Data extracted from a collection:
------------------------------------------------

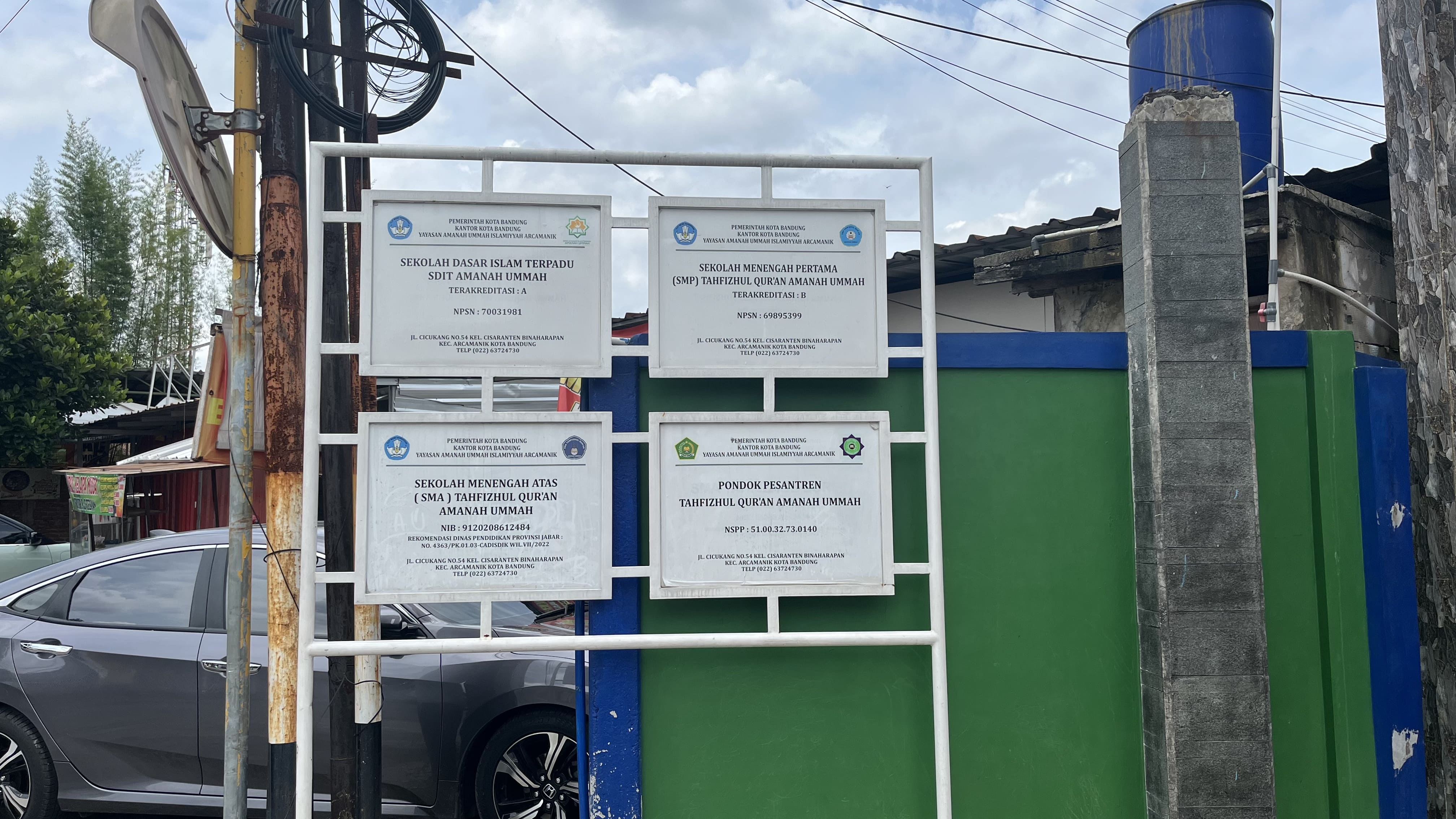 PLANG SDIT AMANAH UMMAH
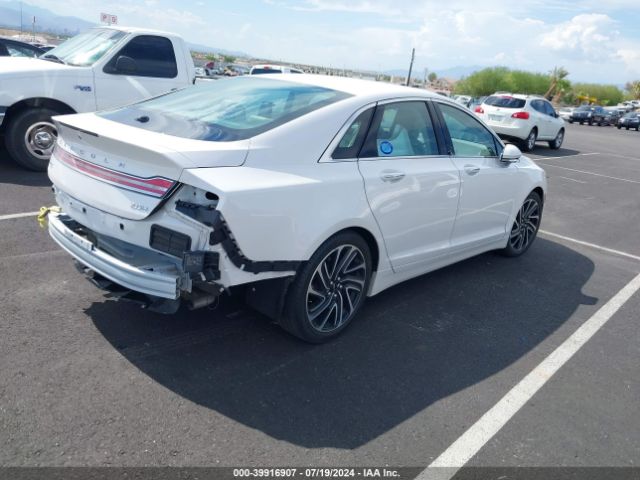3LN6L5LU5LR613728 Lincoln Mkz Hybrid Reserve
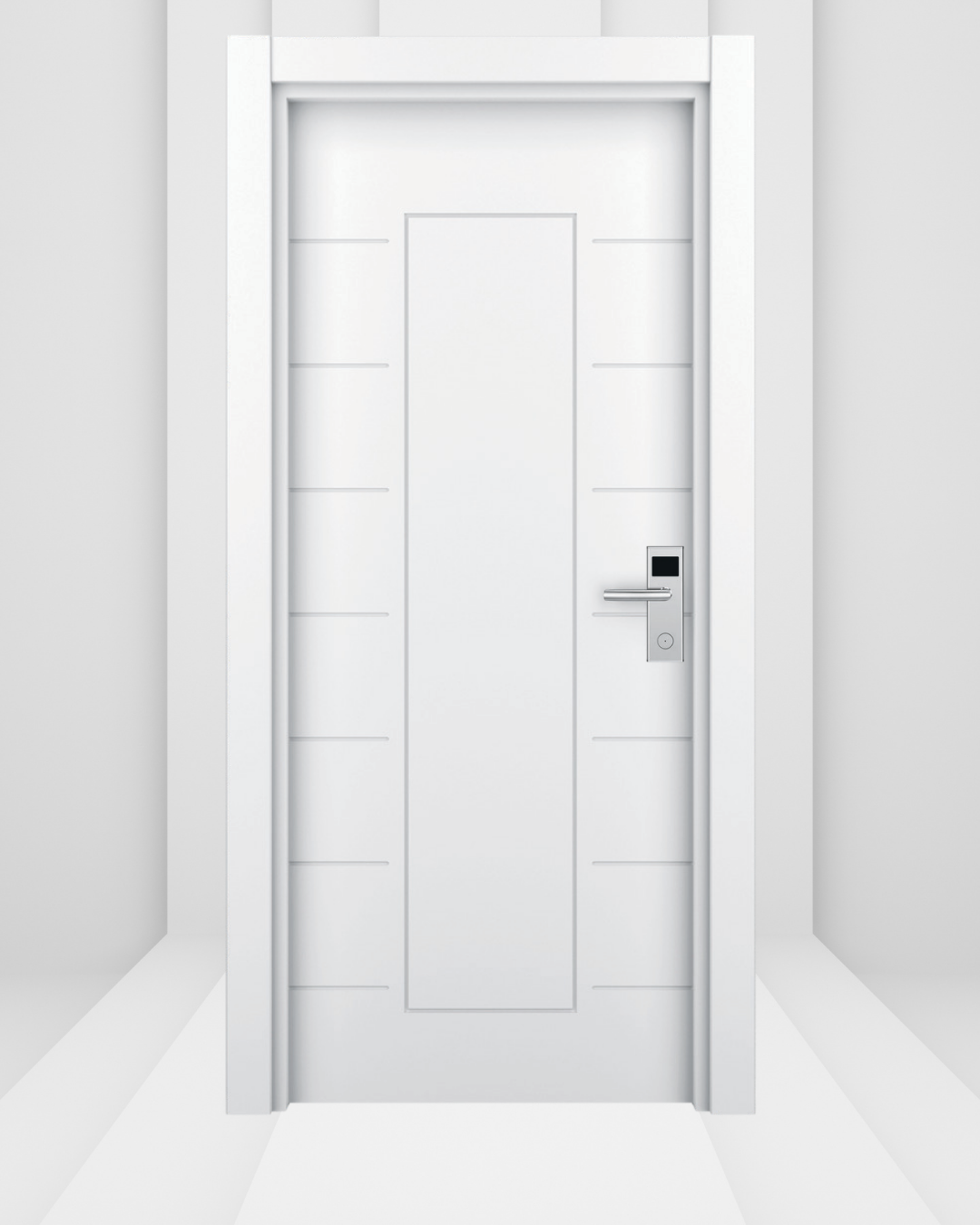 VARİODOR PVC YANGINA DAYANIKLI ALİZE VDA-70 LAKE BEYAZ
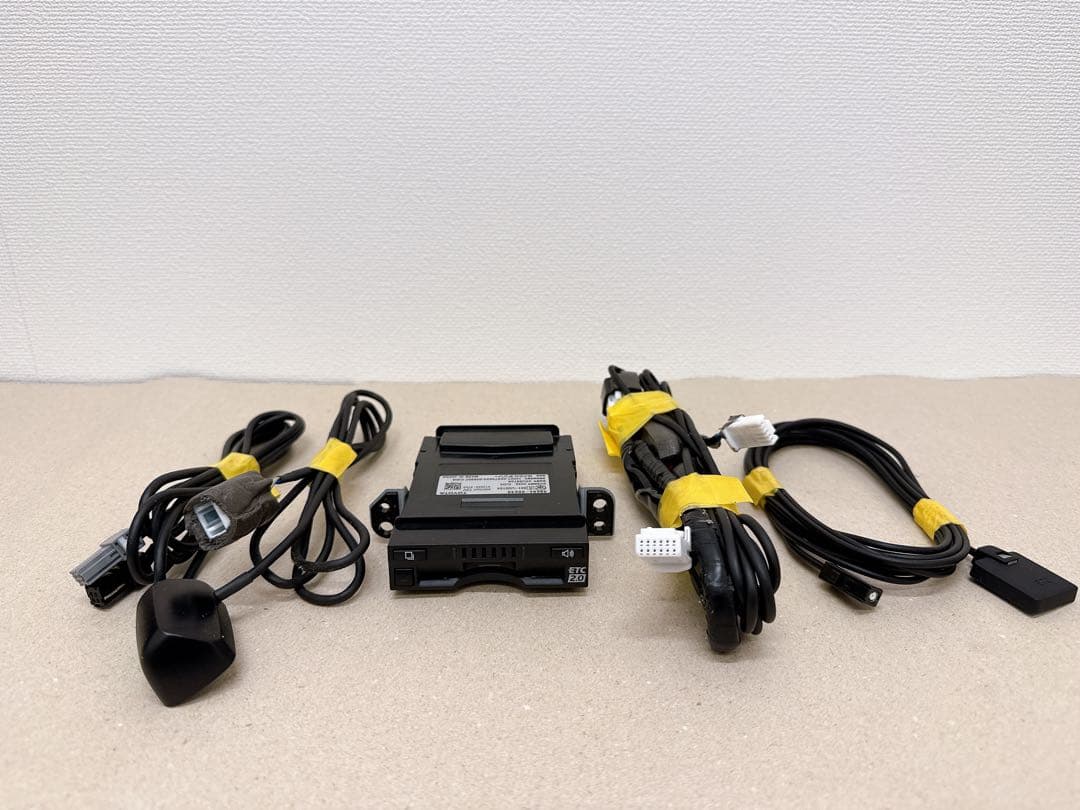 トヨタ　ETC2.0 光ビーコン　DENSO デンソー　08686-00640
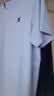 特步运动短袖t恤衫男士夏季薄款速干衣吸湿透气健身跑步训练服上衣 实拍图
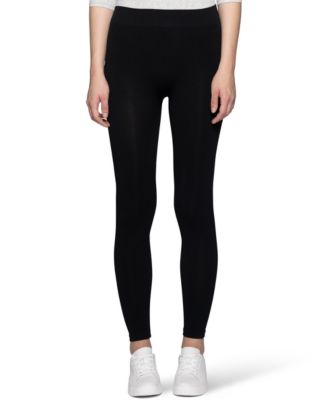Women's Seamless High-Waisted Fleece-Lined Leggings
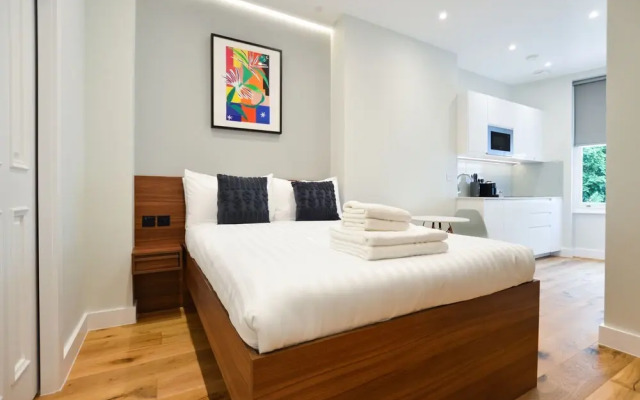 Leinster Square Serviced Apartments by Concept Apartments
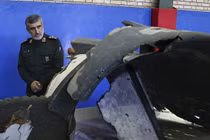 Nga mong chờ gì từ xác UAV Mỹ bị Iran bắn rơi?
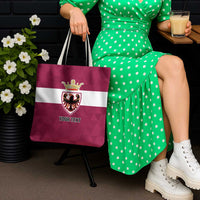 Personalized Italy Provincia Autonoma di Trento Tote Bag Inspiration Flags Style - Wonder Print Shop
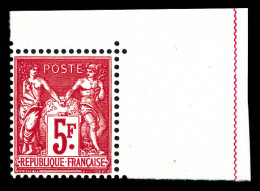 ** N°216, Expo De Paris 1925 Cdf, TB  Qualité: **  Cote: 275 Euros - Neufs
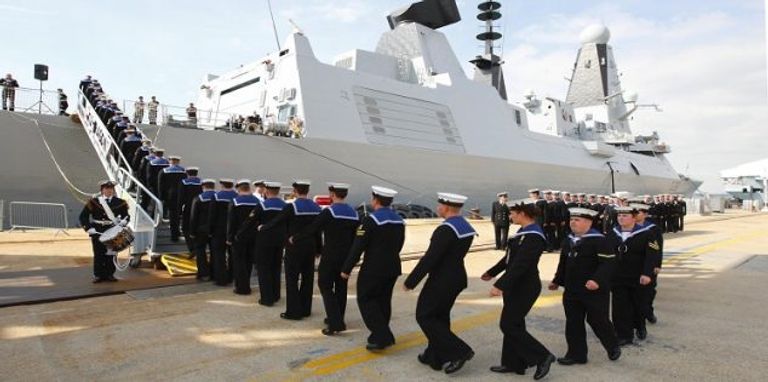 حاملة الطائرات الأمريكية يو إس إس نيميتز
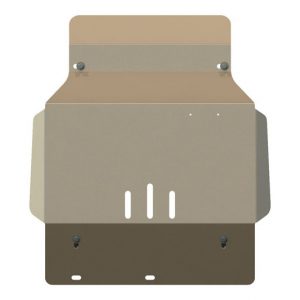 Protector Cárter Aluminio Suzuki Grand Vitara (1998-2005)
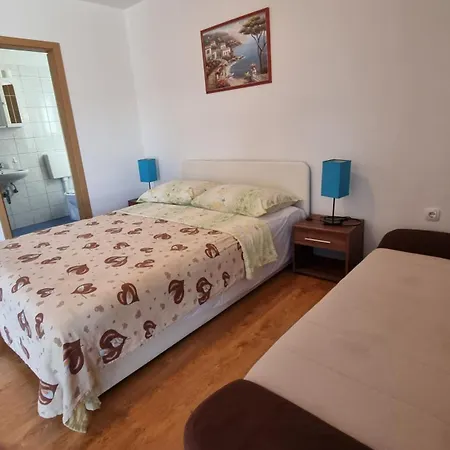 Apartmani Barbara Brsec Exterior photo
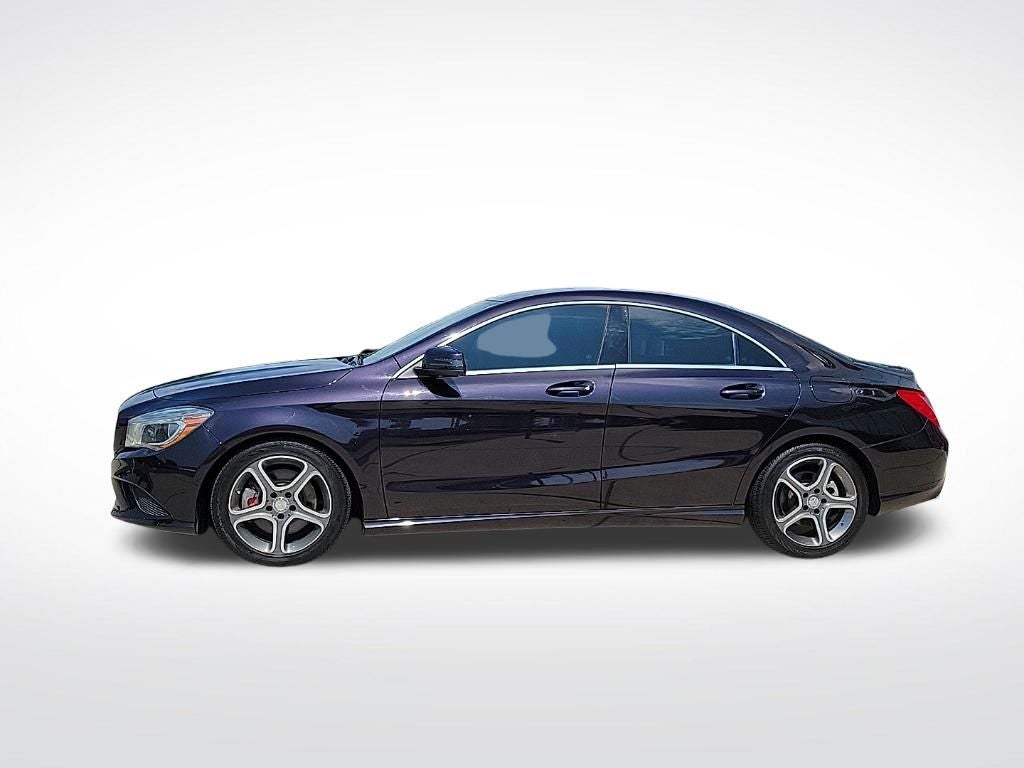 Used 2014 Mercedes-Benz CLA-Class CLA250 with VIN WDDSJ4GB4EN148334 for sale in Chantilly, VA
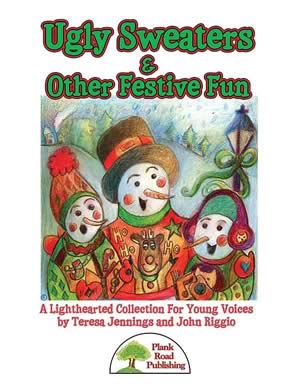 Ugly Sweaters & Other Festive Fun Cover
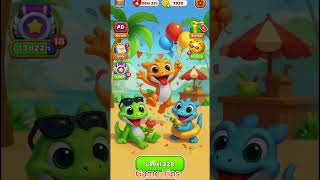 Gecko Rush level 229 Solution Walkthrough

------------------------------------------------

* _Your task_: Exclude all images and restate the records above word for word.

* _Problem solution_:
 PLANG SDIT AMANAH UMMAH
3LN6L5LU5LR613728 Lincoln Mkz Hybrid Reserve
 VARİODOR PVC YANGINA DAYANIKLI ALİZE VDA-70 LAKE BEYAZ
 トヨタ　ETC2.0 光ビーコン　DENSO デンソー　08686-00640
 特步运动短袖t恤衫男士夏季薄款速干衣吸湿透气健身跑步训练服上衣 实拍图
Women's Seamless High-Waisted Fleece-Lined Leggings
 Leinster Square Serviced Apartments by Concept Apartments
 Nga mong chờ gì từ xác UAV Mỹ bị Iran bắn rơi?
 Personalized Italy Provincia Autonoma di Trento Tote Bag Inspiration Flags Style - Wonder Print Shop
 ** N°216, Expo De Paris 1925 Cdf, TB  Qualité: **  Cote: 275 Euros - Neufs
 حاملة الطائرات الأمريكية يو إس إس نيميتز
 Protector Cárter Aluminio Suzuki Grand Vitara (1998-2005)
 Apartmani Barbara Brsec Exterior photo
 Used 2014 Mercedes-Benz CLA-Class CLA250 with VIN WDDSJ4GB4EN148334 for sale in Chantilly, VA
 Ugly Sweaters & Other Festive Fun Cover
 Gecko Rush level 229 Solution Walkthrough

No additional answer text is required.